Mayo Ketchup owners to open Salsa Rosada in Midtown St. Louis in spring 2023
Mayo Ketchup owners Mandy Estrella and Bradley Payne will open a new Venezuelan-Colombian restaurant, Salsa Rosada, for lunch service only in spring 2023. The 4,000-square-foot restaurant will open in the former Hugo’s Pizzeria and Hornet’s Nest space at 3135 Olive St.
Estrella said the decision to open a second restaurant was partly a response to the volume of requests she receives from guests at Mayo Ketchup. “We get tons of requests, because the food is so similar,” Estrella said. Some of those customers are Venezuelan or Colombian themselves, but Estrella said she also gets requests from customers who have encountered the cuisines in cities like Miami and Chicago. “There are items that are more like Miami Venezuelan versus actual Venezuelan, so we’ll look at some of those,” she said.

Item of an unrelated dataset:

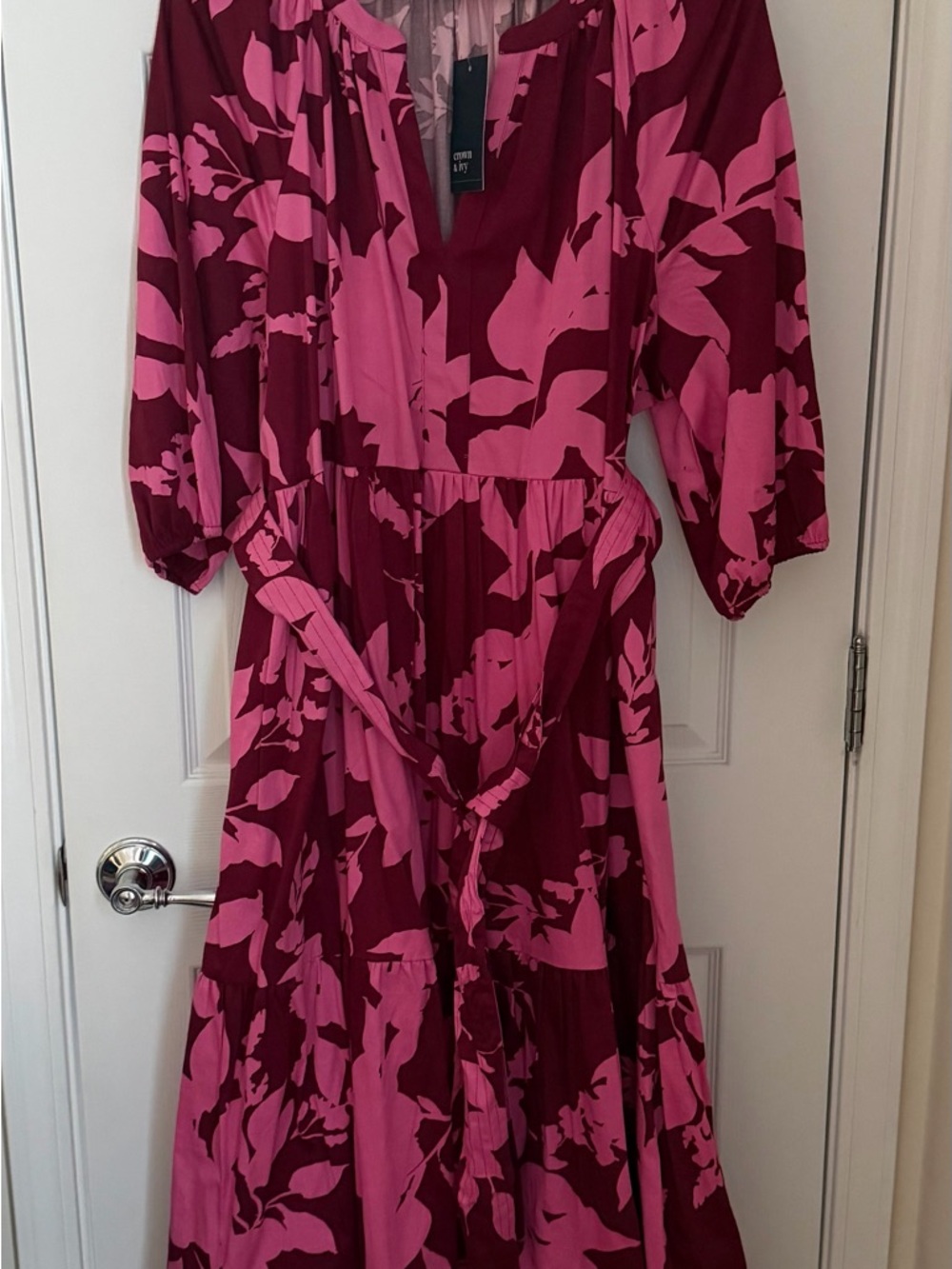 NWT Pink Floral Midi Dress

The new restaurant’s name, Salsa Rosada, is derived from the Latin American condiment that inspired the name for Estrella’s original restaurant. “In Puerto Rico they call it ‘mayo ketchup’ but if you look in Latin American markets at the packaged condiments, it usually says ‘salsa rosada’ and ‘mayo ketchup’ on there,” she said.
Estrella said the restaurant’s focus will be on Venezuelan and Colombian street food, including a variety of savory pastries and sandwiches. A few items will be shared with Mayo Ketchup – think popular sides like sweet plantains and yuca frita – but there will be plenty to set each restaurant apart from the other. The menu won’t be final until Estrella starts working in the new kitchen, since each dish must be tested to ensure that it can live up to the demands of a fast-casual format. However, key items will include pastelitos (round, flour-based Venezuelan pastries) filled with seasoned ground beef, as well as cachapas (corn-based pancakes) and arepas. The arepa fillings will include La Domino (black beans and white cheese), reina pepiada (chicken salad with avocado), and a vegan arepa filled with avocado, sweet plantains and black beans.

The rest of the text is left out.